Хорошо, когда ты один против всех. Это самое лучшее. Ибо тогда тебе неоткуда ждать предательства; ибо как могут предать того, кто один?
Хорошо, когда все это: то, что тебе некуда вернуться, то, что тебе больше не перед кем отвечать, то, что ты один против всех, – приходит одновременно. Ибо чего же еще тебе можно пожелать в этом случае от жизни? Спроси себя, и ты поймешь – ничего. И нечего.
Удар зарождается в земле… Проходит через ноги… Бедра… И выплескивается…
Чушь. Простой набор слов. Если ты в состоянии облечь свой удар в слова, ты не в состоянии его нанести, только и всего.
Интересно, сколько еще уных, как они их тут кличут, я убью сегодня? Как скоро надоест развлекаться этому богато одетому, «светлому князю», которого черт знает как зовут, я же не знаю и не желаю знать? Рано или поздно ему надоест одно и то же, тогда в бой пойдут старые, опытные волки-дружинники, а не эти дети, широкоплечие и румяные, брызжущие своей молодой и, как им кажется, немереной силой. Или меня просто расстреляют из луков и бросят в лесу на радость зверью и птицам. А и ладно. Так, наверное, еще и лучше.

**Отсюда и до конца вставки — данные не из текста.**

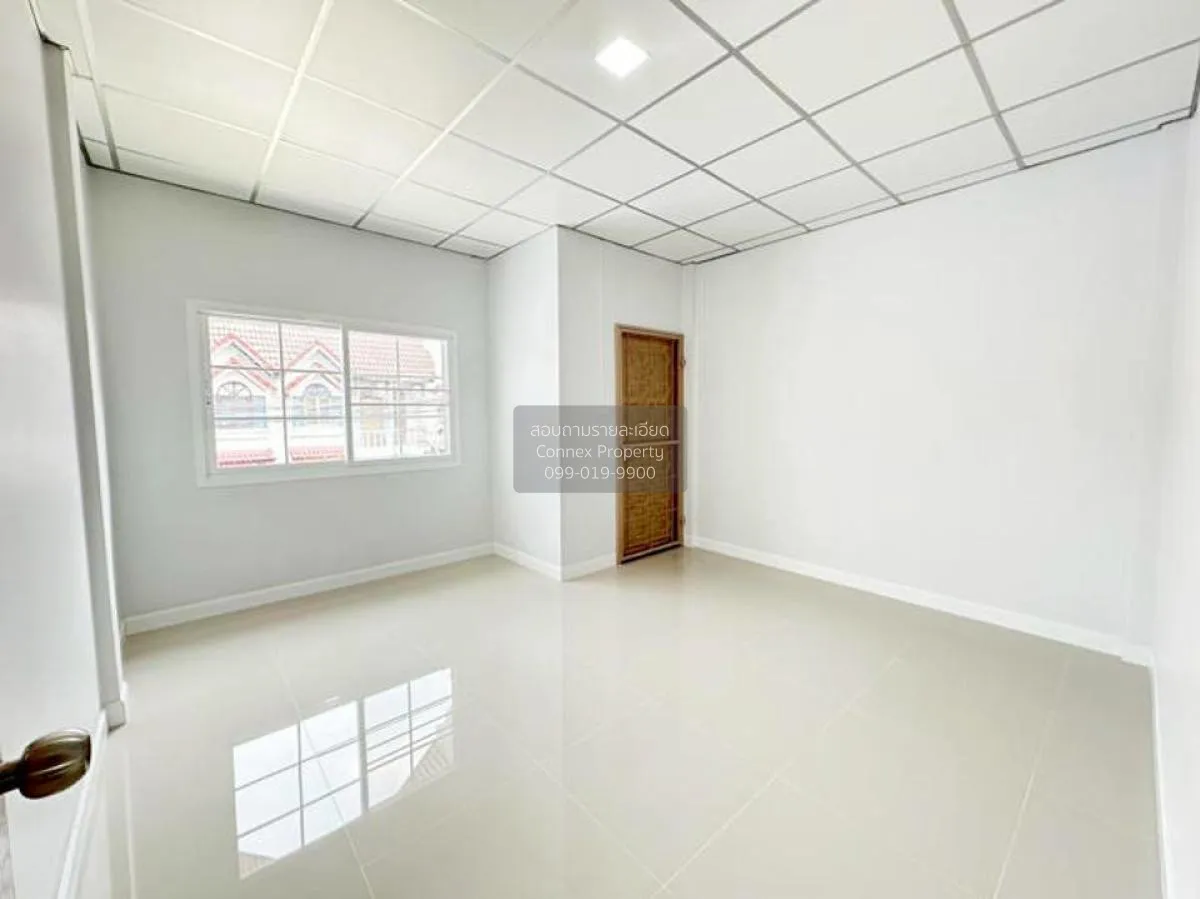 ขายทาวน์เฮ้าส์/ทาวน์โฮม  เพชรไพลิน พระยาสุเรนทร์ 35 บางชัน เขต คล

Вот они все. Уные, как молодые собаки на первой охоте, человечью кровь почуяли, не терпится им. Вот еще народ – видимо, бояре княжеские. Нарочитые. Или это слово уже здесь не в ходу? Вот и еще люди – по всему видать, это уже настоящие воины, уже не мальчишки окольчуженные и оружные. И вот он, сам князь. Сидит на огромном грубо обтесанном пне.
А перед ними стоит невесть кто. Могу только вообразить, на что это похоже: поляна, ярко освещенная кругом костров, притихший в удивлении от глупой забавы вековой бор, кольцо воинов снаружи круга огней, а в нем – среднего роста человек, голый по пояс, с плечами, густо покрытыми татуировкой, разноцветными рисунками и черными значками, которые появятся на этой земле лишь сотни лет спустя, – японскими иероглифами. Несколько таких же значков, нарисованных в столбик, украшают левую половину его груди. Левая рука и левое плечо разукрашены листьями и цветами. Правую же руку и плечо украшает черный карп, на чьей голове растет рог, а вокруг морды – острые отростки, карп, прошедший «Врата Дракона», Логнмен. А, кому тут есть до этого дело?!
Спина человека была глубоко пропахана когда-то справа от хребта широким бугристым шрамом; второй, похожий, но покороче, перепоясал его грудь и живот.
Как же, как же… Это был, пожалуй, самый страшный поединок в моей жизни, когда я со своим субурито, первым в жизни, стоял против него, мастера кама – боевых серпов. Прежде чем я переломал ему ноги, он и разукрасил мою шкуру самыми первыми, а потому и самыми памятными рубцами. И в тот же день мой учитель начал рисовать на моем теле первый рисунок – лепестки сакуры и хризантему. Старику было наплевать на все условности, а потому другую мою руку со временем и украсил карп.
– Василий! – подал голос князюшка. Не наигрался еще. Еще, значит, хочется ему верить, что даже уные из его дружины одолеют неведомого человека, который и стоит в круге огня.
Да, кстати. В круге костров стою я. Я даже не знаю, что еще сказать, понятия не имею, что еще добавить к своему портрету. Возраст? Средний? Молодой? Так никогда и не понимал, когда какое слово пристало к какому возрасту, а теперь уже и не узнаю. Лет же мне тридцать восемь. И еще. Я безгранично счастлив сейчас. Сова не обманула. Я попал как раз туда, где мне самое место.